Better still, we tasted ingredients we didn’t even know existed. Climbing wattle was used in curries, omelettes and stir fries. ‘Midnight Horror’’ and ‘wild’ betel leaves were bitter greens eaten raw.
Most meals consist of soup, grilled meat, a sauce, greens and a stew. Sticky rice is a staple and eaten with your hands. We were told they eat more sticky rice than any other part of the world – as it is the essence of Laos cuisine. We quickly found our favourites – chunky pork sausage, Laotian beef jerky, pickled fish roe and pickled cabbage with pickled pork ears.

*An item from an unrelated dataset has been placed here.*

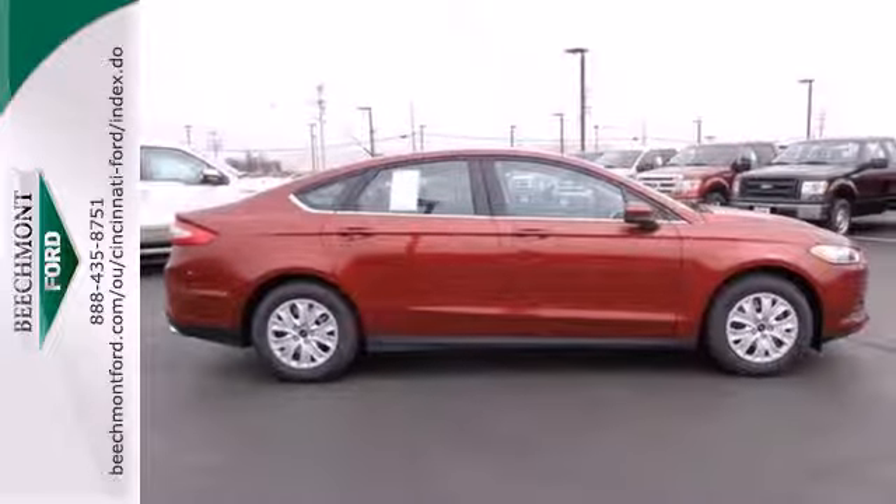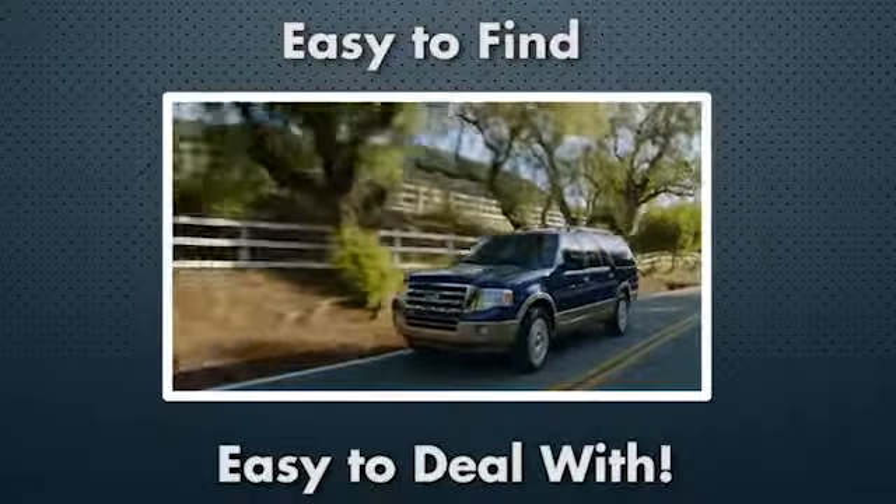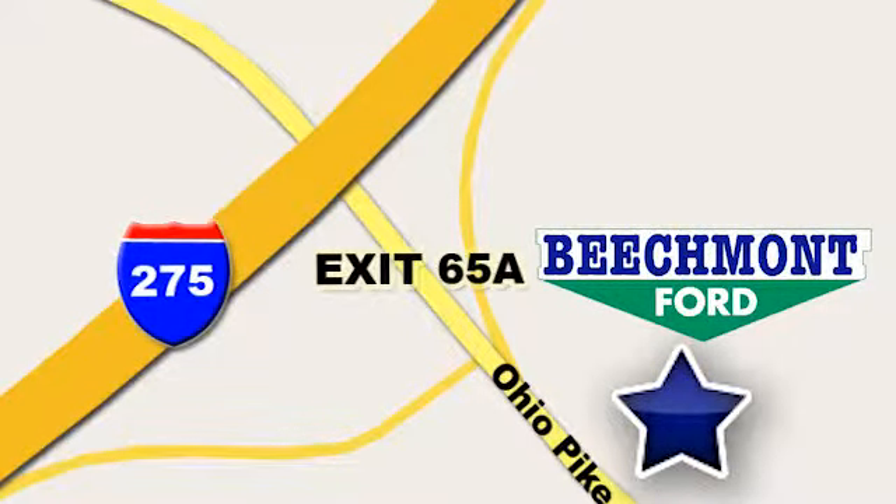Come in for a test drive today. Beachmont 4 — we're a friend in the community. Stop in today. We're easy to find, easy to deal with. Off of I-275 at 65A Beachmont Avenue.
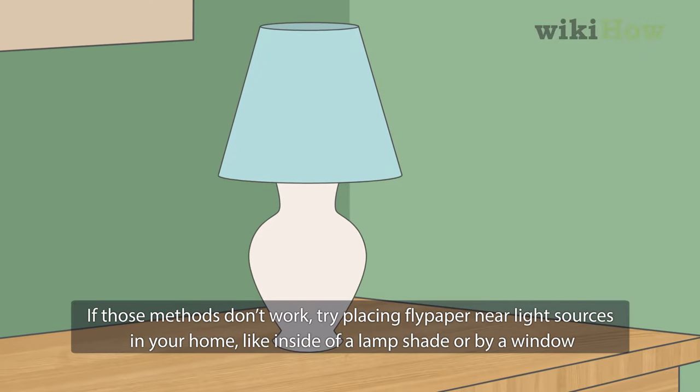If those methods don't work, try placing flypaper near light sources in your home, like inside of a lampshade or by a window.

Needless to say even though we had brought with us a few packets of tablets for stomach upsets none were needed.
Once home, the following few weeks were spent using the various spices and herbs that we were able to bring back into the country, but I don’t think we’ll conquer making the sticky rice quite like the Laos do.
During our stay, I didn’t see one post card or tourism T-shirt for sale. That in itself speaks volumes. The Lao people are up to speed on the environmental state of banning plastics, and endorse recycling. At every opportunity with foreigners, they want to learn and speak English. China is building a fast train track through their town, mountains, and rivers to allow easier access to other parts of the world. The doors to Laos are opening up. By 2022 they will no longer be as isolated.
But I do hope that the special essence that I personally found, to this country, will remain.